As the U.S. Supreme Court gets ready to consider the use of race in university admissions decisions, a Wall Street Journal article Feb. 20 cast light on another sensitive issue: the admissions of students whose parents are identified as potential university donors.
The front-page article by Daniel Golden took a close look at Duke's use of what are known as "development admits," the practice of giving extra consideration to students whose parents are wealthy or particularly prominent in some arena and who might become donors. Many factors beyond academic and extracurricular accomplishments are commonly considered in making admissions decisions, such as artistic excellence, athletic ability, geography, ethnicity and family ties to Duke. Duke officials emphasized that all admitted students are qualified to attend Duke, and explained how development considerations play a role for a very small percentage of students.

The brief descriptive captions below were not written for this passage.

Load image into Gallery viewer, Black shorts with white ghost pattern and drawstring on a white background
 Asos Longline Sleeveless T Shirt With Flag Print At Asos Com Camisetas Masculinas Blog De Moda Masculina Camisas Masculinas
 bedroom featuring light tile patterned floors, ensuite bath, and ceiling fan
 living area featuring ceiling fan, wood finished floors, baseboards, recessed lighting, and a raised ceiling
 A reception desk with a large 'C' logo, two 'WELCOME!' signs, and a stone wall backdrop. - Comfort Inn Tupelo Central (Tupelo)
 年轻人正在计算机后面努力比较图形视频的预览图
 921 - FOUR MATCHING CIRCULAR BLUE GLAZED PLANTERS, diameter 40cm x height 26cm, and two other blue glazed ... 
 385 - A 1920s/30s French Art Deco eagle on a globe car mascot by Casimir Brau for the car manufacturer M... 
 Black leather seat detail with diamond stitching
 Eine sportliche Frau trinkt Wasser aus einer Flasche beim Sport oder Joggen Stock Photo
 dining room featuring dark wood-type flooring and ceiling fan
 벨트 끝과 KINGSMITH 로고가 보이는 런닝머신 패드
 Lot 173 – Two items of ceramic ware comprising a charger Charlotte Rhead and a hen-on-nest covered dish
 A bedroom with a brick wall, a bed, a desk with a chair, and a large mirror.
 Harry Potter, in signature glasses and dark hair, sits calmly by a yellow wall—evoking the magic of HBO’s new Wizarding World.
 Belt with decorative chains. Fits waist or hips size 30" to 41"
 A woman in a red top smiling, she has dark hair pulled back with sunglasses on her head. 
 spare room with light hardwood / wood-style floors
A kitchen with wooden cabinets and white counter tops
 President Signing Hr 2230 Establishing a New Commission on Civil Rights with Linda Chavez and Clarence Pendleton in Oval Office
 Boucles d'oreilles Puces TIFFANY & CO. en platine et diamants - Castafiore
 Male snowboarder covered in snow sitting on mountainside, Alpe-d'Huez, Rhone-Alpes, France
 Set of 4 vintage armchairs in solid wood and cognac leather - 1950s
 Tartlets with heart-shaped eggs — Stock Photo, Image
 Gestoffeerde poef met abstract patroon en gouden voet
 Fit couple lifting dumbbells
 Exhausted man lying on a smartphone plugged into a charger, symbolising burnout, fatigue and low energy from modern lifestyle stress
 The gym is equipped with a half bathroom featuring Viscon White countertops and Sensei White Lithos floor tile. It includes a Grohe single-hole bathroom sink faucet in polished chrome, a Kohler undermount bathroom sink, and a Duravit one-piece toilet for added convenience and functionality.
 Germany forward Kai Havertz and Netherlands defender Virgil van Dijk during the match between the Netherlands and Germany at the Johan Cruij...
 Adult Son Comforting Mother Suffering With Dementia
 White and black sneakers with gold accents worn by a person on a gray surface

"There's no quid pro quo, no bargains have been struck," Peter Vaughn, director of development communications, told the Journal. He was among several senior Duke officials who spoke with Golden at length to explain the limited interaction between Duke's admissions and development offices.
In addition to speaking with Duke officials, Golden also called numerous Duke students, parents and former employees, and he identified in his story the names of several students he said were development admits. In a few cases he listed SAT scores, information that Duke does not make public because of legal and ethical privacy considerations.
The article said that while racial preferences in affirmative-action decisions get considerable public attention, admissions preferences such as those for "development admits," remain out of the spotlight. It argued that development admits constitute an "affirmative action" program for wealthy, predominantly white children.
Several Duke officials who spoke with Golden agreed that public discussion is needed on the entire range of admissions issues but also said considering more than academic qualifications in making admissions decisions has promoted worthwhile goals and served Duke well.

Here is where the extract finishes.